Required work
In the data that follows, find the line with "Simpson 150mm x"; transcribe it, every later line up to the one with "445 Summit View", and that line as well, exactly and with no others.

Information supplied
****

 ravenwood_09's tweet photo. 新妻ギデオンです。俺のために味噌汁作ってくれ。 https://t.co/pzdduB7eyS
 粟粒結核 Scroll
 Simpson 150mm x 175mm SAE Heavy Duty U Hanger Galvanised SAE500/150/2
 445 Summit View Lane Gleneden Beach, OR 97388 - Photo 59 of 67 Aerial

****

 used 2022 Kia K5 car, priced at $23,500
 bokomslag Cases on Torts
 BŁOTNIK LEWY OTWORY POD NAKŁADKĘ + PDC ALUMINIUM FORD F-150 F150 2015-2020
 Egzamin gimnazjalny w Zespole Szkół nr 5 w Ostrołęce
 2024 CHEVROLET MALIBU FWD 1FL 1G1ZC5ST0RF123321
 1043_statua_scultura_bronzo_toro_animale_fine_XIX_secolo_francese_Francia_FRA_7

****

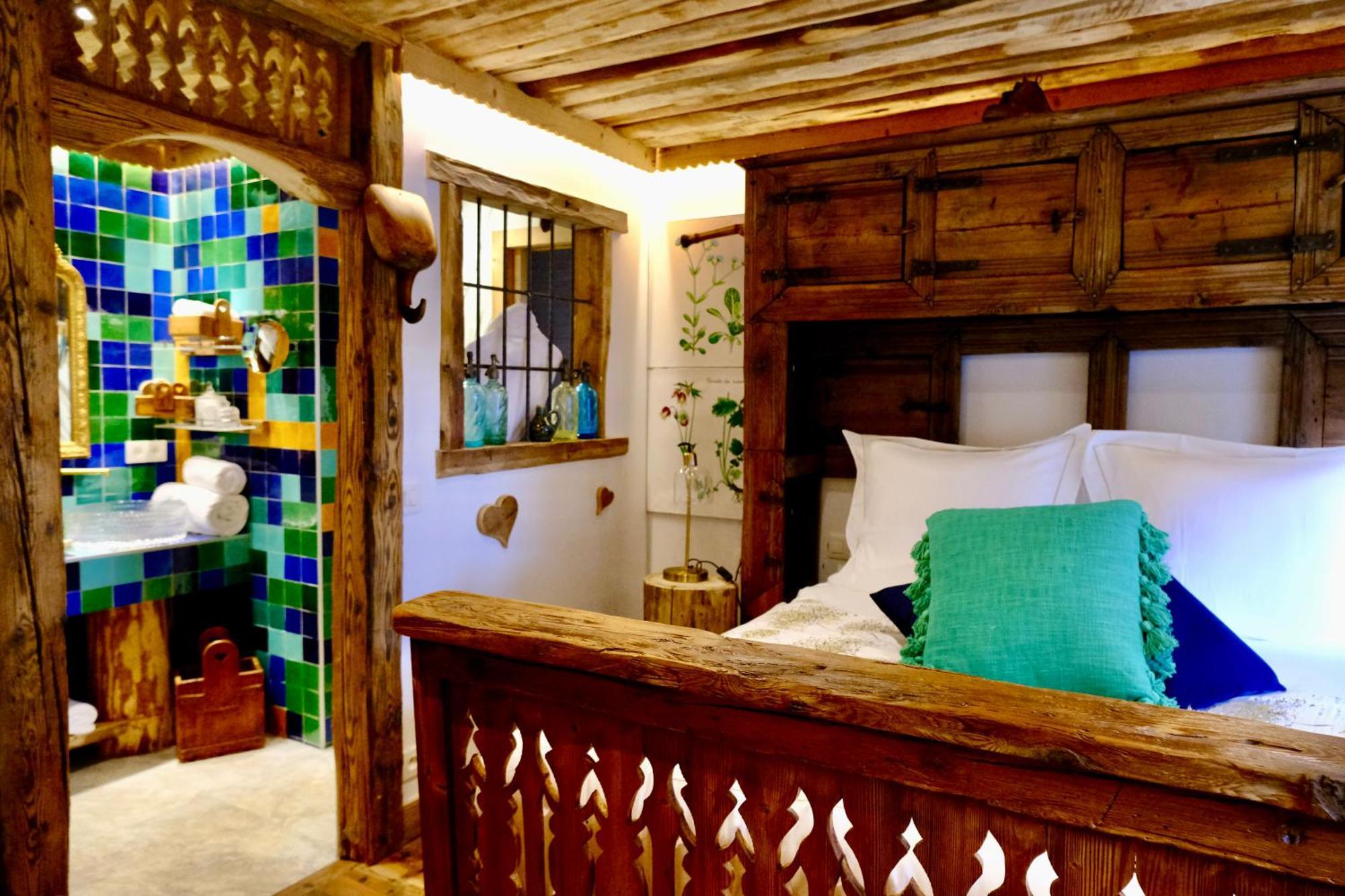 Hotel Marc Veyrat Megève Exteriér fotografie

****

Task response
 Simpson 150mm x 175mm SAE Heavy Duty U Hanger Galvanised SAE500/150/2
 445 Summit View Lane Gleneden Beach, OR 97388 - Photo 59 of 67 Aerial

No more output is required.